Ameisensäure statt Wasser
Die Stärke liegt in Weizenmehl in Form von Spiralstapel oder sogenannte Helices vor. Sie haften aneinander und sind deshalb zu groß, um als Bausteine für Nanofasern zu dienen. Die Forschenden verwendeten für ihre Nano-Nudeln deshalb Ameisensäure statt Wasser. Durch diese werden die Helices aufgebrochen. Das Kochen von Nudeln hat eine vergleichbare Wirkung auf die Stärke wie die Ameisensäure. Es bricht die Helices auf und macht die Pasta damit verdaulich.
Prinzipiell könnte man auch die Nano-Nudeln essen, denn die ätzende Ameisensäure, die die Forschenden statt Wasser dem Weizenmehl hinzugefügt haben, verdunstet während des Spaghetti-Spinnings. Aber es gibt ein Problem: Die dünnsten Spaghetti der Welt, die rund 1000 Mal dünner sind als die dünnsten je per Hand hergestellten Nudeln, wären in kochendem Wasser in weniger als einer Sekunde völlig zerkocht.
"Stärke ist ein vielversprechendes Material, da es reichlich vorhanden und erneuerbar ist. Nach Zellulose ist es die zweitgrößte Biomassequelle der Erde und es ist biologisch abbaubar, was bedeutet, dass es auch im Körper abgebaut werden kann", sagte Clancy.

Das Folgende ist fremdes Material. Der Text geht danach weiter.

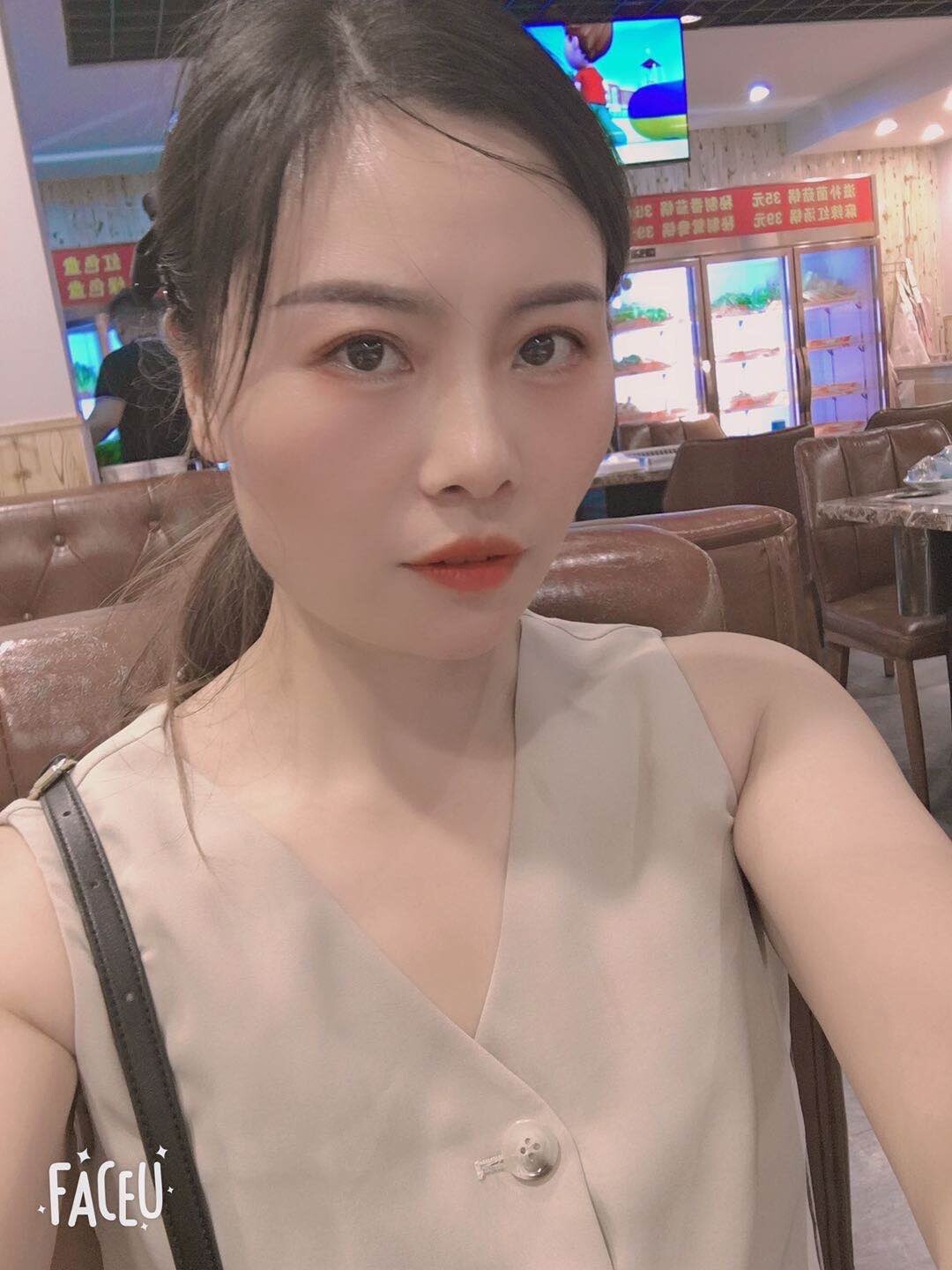 小区里的少妇[66P]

Aber welchen Nutzen haben die Nano-Nudeln denn dann?
"Nanofasern, wie sie beispielsweise aus Stärke hergestellt werden, bieten Potenzial für den Einsatz in Wundverbänden, da sie sehr porös sind. Darüber hinaus werden Nanofasern auf ihre Verwendung als Gerüst für das Nachwachsen von Gewebe untersucht, da sie die extrazelluläre Matrix nachahmen - ein Netzwerk aus Proteinen und anderen Molekülen, das Zellen zu ihrer Selbsterhaltung aufbauen", wird Gareth Williams, der an der Studie beteiligt war, dazu zitiert.

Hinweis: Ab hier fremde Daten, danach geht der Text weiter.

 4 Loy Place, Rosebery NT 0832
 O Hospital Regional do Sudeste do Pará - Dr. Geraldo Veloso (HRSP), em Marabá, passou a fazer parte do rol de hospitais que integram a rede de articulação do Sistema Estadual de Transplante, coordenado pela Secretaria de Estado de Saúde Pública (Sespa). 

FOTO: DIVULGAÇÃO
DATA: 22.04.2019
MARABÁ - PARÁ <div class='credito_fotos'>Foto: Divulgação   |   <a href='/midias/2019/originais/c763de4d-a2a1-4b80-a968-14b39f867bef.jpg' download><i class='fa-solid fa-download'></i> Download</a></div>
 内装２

In einem nächsten Schritt ist es dem Forschungsteam gelungen, aus ihren Nano-Nudeln feine Netze herzustellen. Denkbar sei, dass in dieser Form Filter oder Wundverbände zum Einsatz kommen könnten. Die Forschenden, deren Ergebnisse im Fachmagazin "Nanoscale Advances" veröffentlicht wurden, wollen die Eigenschaften ihrer Nano-Spaghettis in Zukunft noch genauer untersuchen. So soll zum Beispiel geklärt werden, wie lange die Nudeln brauchen, bis sie sich auflösen oder wie zellverträglich sie sind.